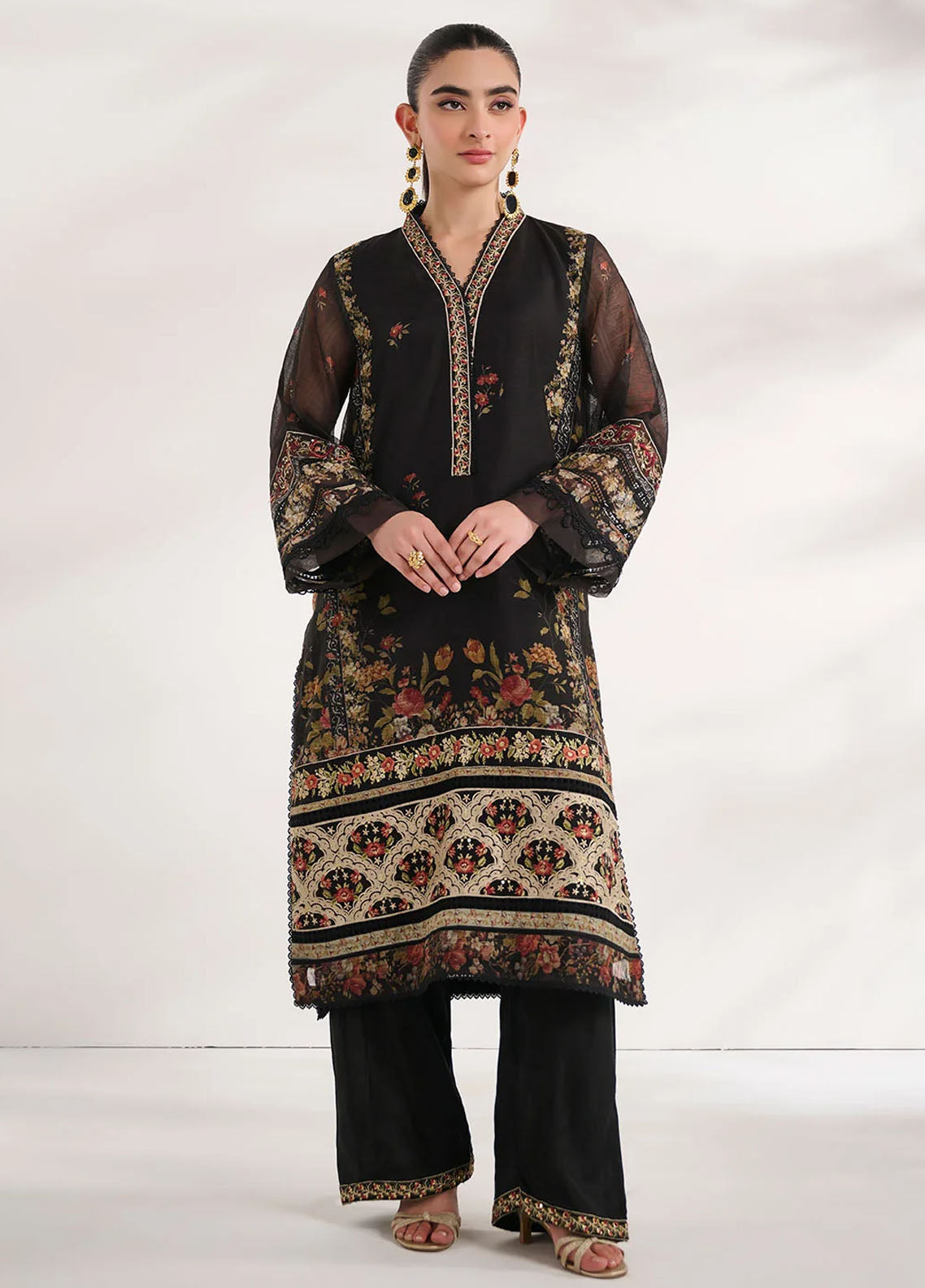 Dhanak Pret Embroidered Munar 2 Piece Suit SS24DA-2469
○ ○ ○ ○ ○
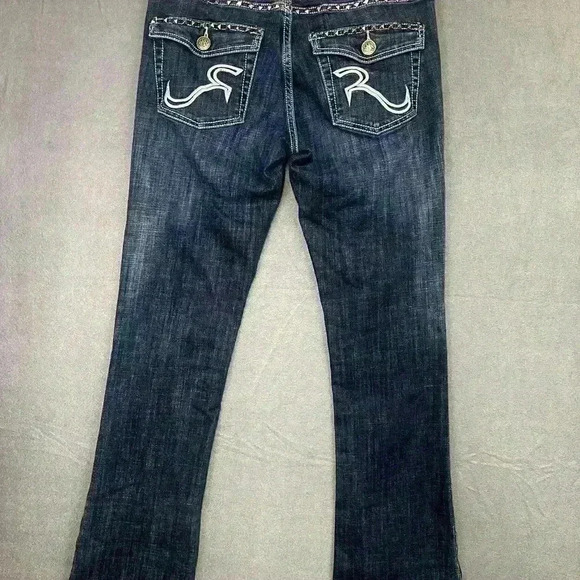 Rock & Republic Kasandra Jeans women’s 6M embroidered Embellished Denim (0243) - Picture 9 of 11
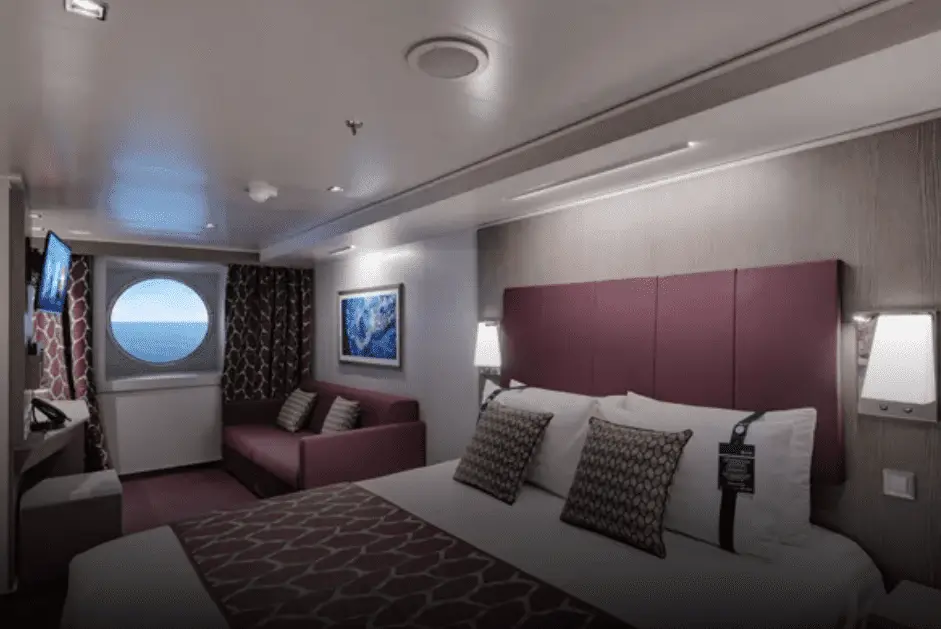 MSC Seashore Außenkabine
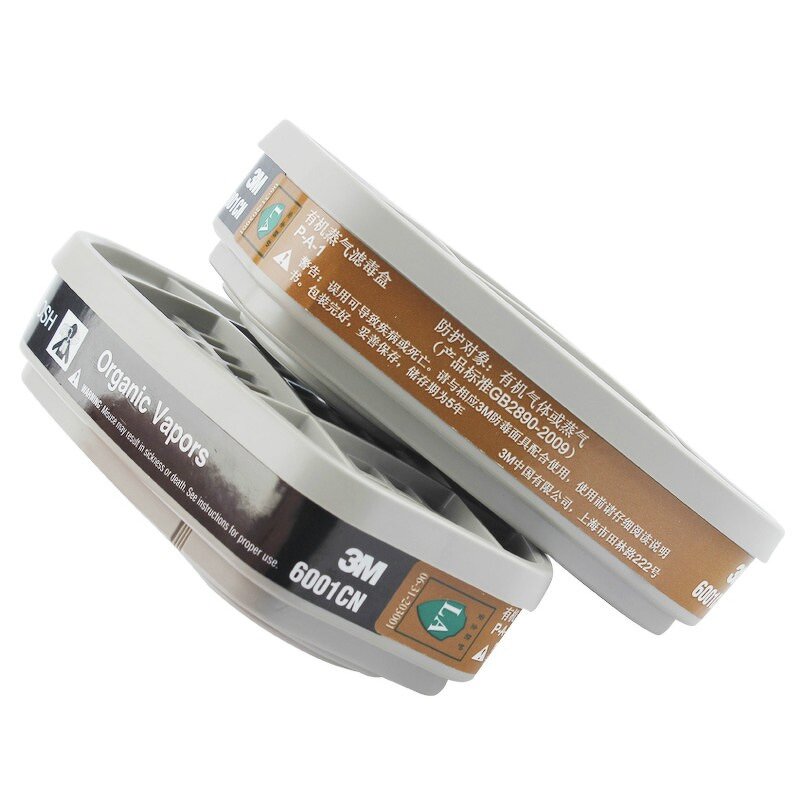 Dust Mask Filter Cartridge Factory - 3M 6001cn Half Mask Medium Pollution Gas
○ ○ ○ ○ ○
**PROBLEM DETAILS**
Beginning with the line above that contains "Rock & Republic" and ending with the line that contains "Dust Mask Filter", quote each line exactly, keeping out the pictures.

**COMPLETED EXERCISE**
 Rock & Republic Kasandra Jeans women’s 6M embroidered Embellished Denim (0243) - Picture 9 of 11
 MSC Seashore Außenkabine
 Dust Mask Filter Cartridge Factory - 3M 6001cn Half Mask Medium Pollution Gas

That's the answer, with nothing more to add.